Who Writes These Notes?
Our recent notes, we are told in a letter printed in our correspondence column, " have given many Catholics pause." Another correspondent deplores our " irresolution."
These criticisms give us a chance to say
something that should be said. These weekly notes do not represent the personal views of any individual, whether it be the proprietor or the editor or any member of
the staff of the paper. An individual commits no one but himself and therefore he may judge for himself, hastily or slowly according to his temperament. Public judgment — under God — about nations or individuals is the duty of properly constituted authority or courts. A weekly paper is neither an individual judging for his own satisfaction nor an authority judging for the public good. Its purpose in this connection is twofold : to record the authoritative judgment of those competent to judge—and in the case of a Catholic paper to record in particular the judgments of the Church, either implicit or explicit—and to record all relevant facts to help its readers to judge for themselves.
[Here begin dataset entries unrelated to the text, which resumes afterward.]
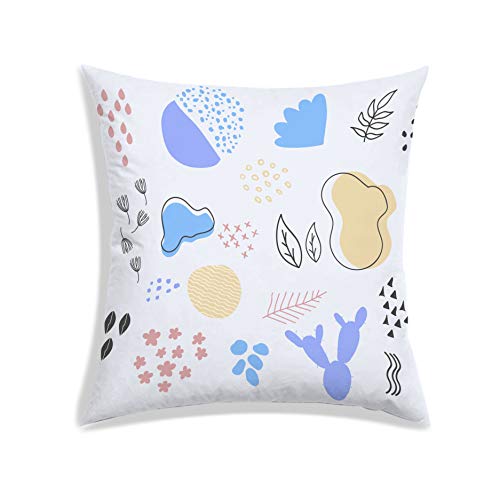 RADANYA Kissenbezug mit abstraktem Digitaldruck, weicher Satin-Stoff, quadratisch, 61 x 61 cm Cover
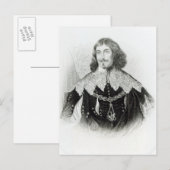 Portret van Philip Herbert Briefkaart (Voorkant / Achterkant)
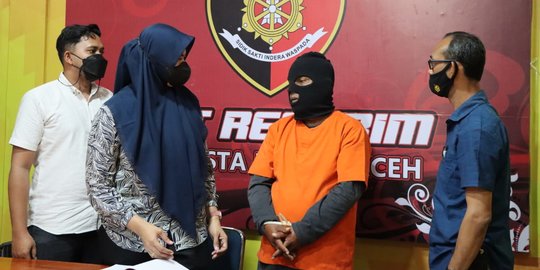 Pria di Aceh Besar Perkosa Anak Tiri sejak Usia 6 Tahun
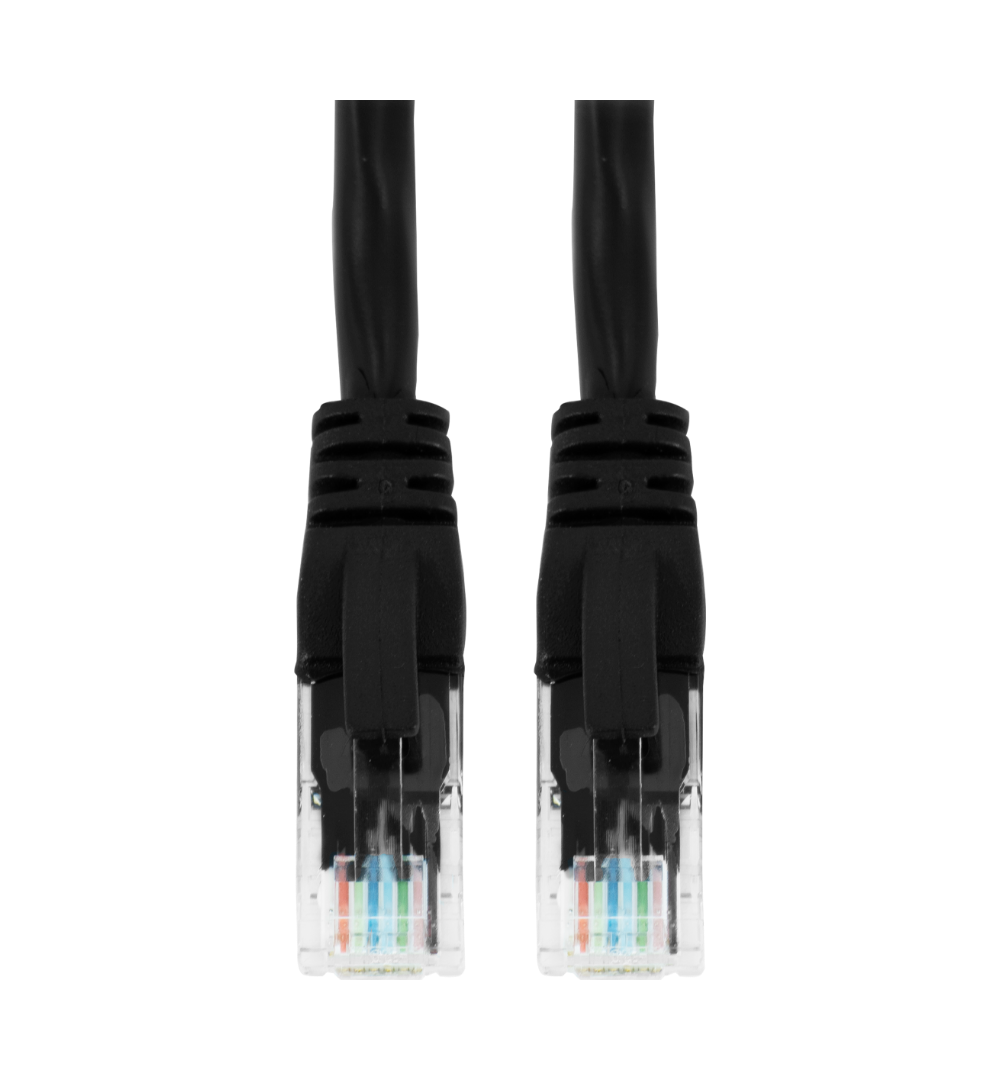 Cable de Red Batauro Cat6 24AWG 7/0.20CCA PVC 1 Metro Negro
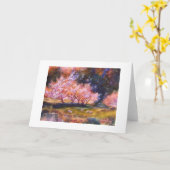 "UNder the Cherry Blossom" — Waterverf KAART (Gele Bloem)
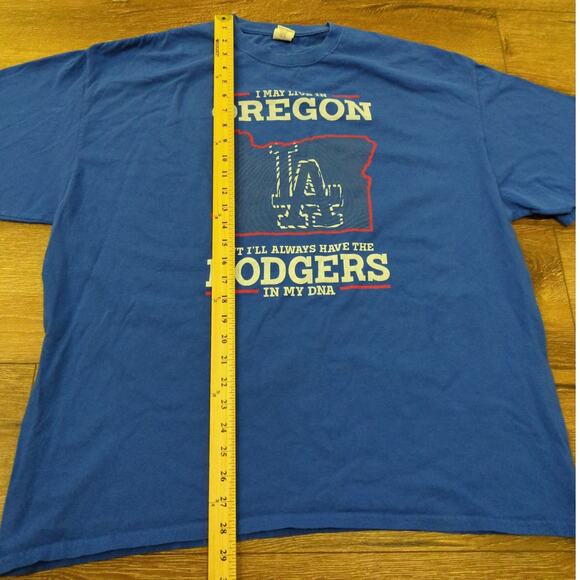 Gildan Oregon LA Dodgers Adult XXL Shirt Los Angeles Baseball Portland Shohei - Picture 4 of 6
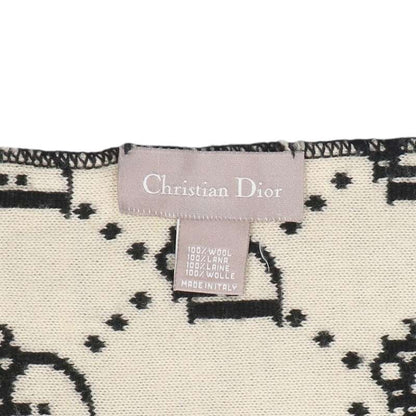 Christian Dior Trotter Pattern Wool Scarf Size ONE SIZE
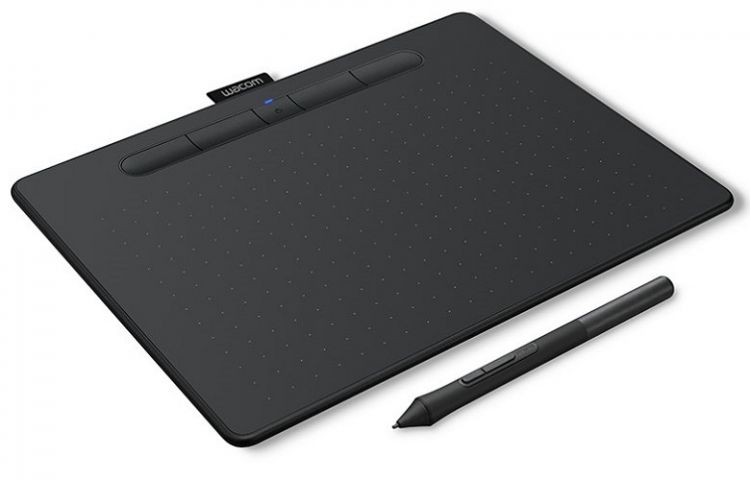 цена Графический планшет Wacom Intuos M Bluetooth CTL-6100WLK-N black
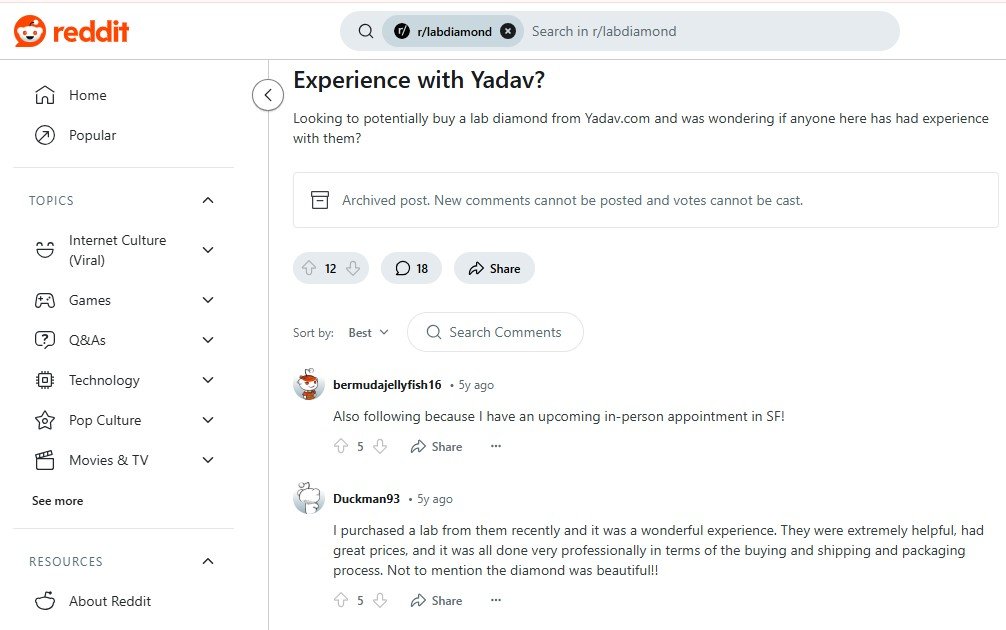 Yadav Jewelry Reviews On Reddit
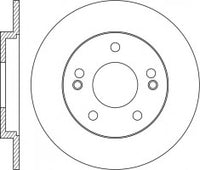 แผ่นโรเตอร์, NIBK, 58411-3V500, RN1601, HYUNDAI (017427)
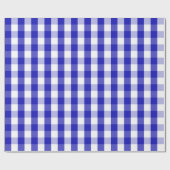 Groot Royal Blue- en White Gingham Wrapping Paper Cadeaupapier (Vlak)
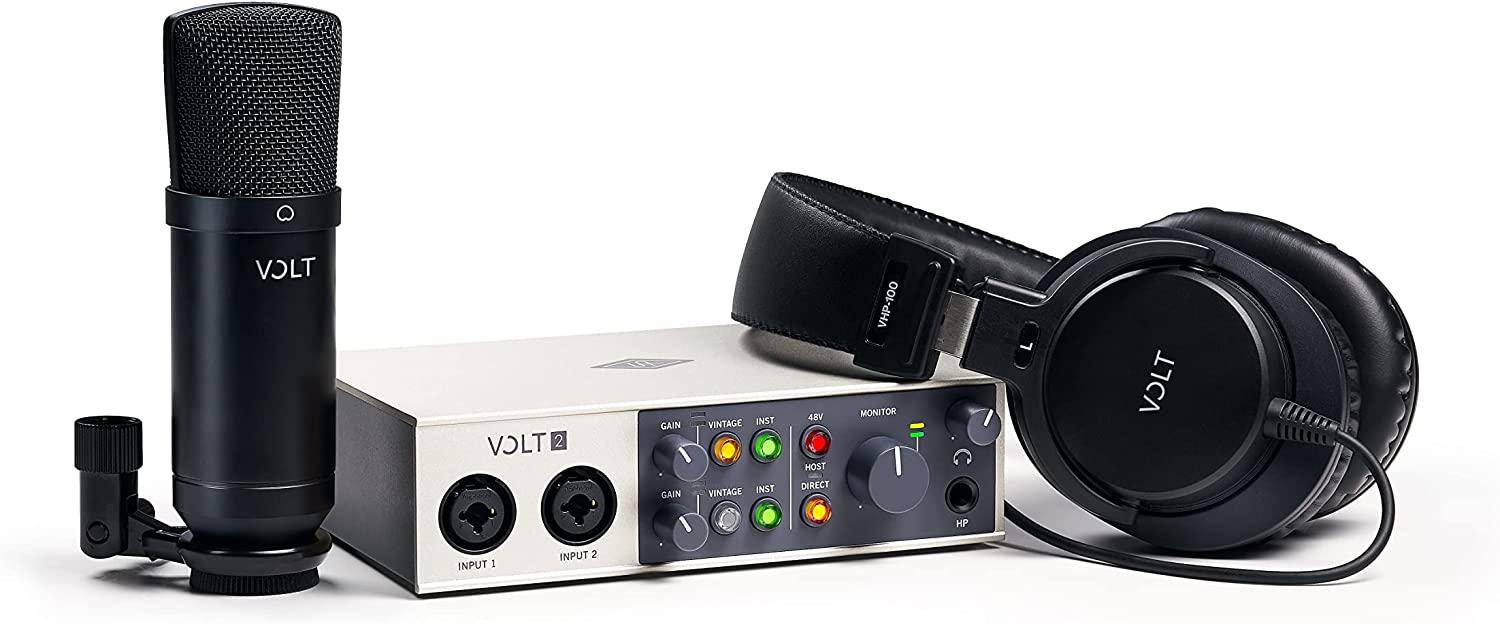 Universal Audio Volt 2 USB C 2x2 Audio Interface Studio Pack zoom image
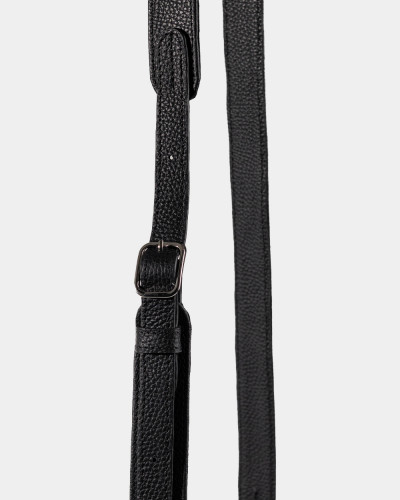 "LORI" LEATHER, BLACK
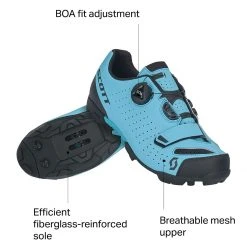 Coupon 🔔 Scott Mountain Bike Shoes MTB Comp Boa Lady Cycling Shoe Women's 😍 -Bike Footwear Sales 2022 LIGBLUBLA D3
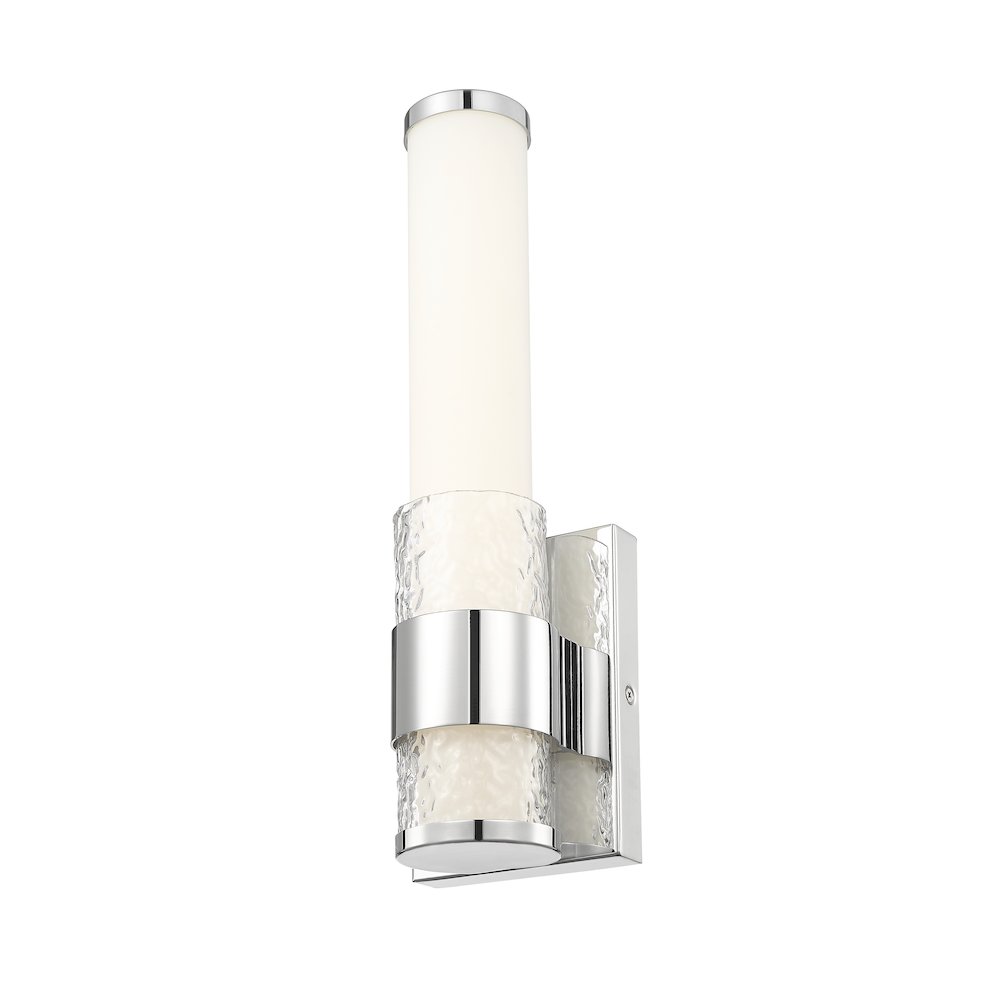 Z-Lite Egon 1 Light Wall Sconce in Chrome color, Steel frame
At the present moment, for example, the ordinary press of this country has constituted itself prosecutor and judge of the Italian conduct. Would it be of any particular help to our readers for us to re-state the so very obvious case frier the prosecution, even if we refrained from delivering final judgment? Are we not doing a greater service to them in bringing out—without in any way pre-judging the issue—points for the defence or at any rate points that may make us pause before delivering judgment? Our readers are perfectly free to say that we can make no case, but, having come to that conclusion, will not their final judgment be by so much the more informed?
A Case in Point
Dr. Barnes, Bishop of Birmingham, to take an obvious instance in point, has been deeply scandalised by the fact that the "Te Deum" has been sung in Italian churches to thank God for victory. "Praise we the
Lord for poisoned gas, etc". "I should hate," he said in effect, "to be an Italian ecclesiastic : The mills of God grind slowly, but they grind exceeding small."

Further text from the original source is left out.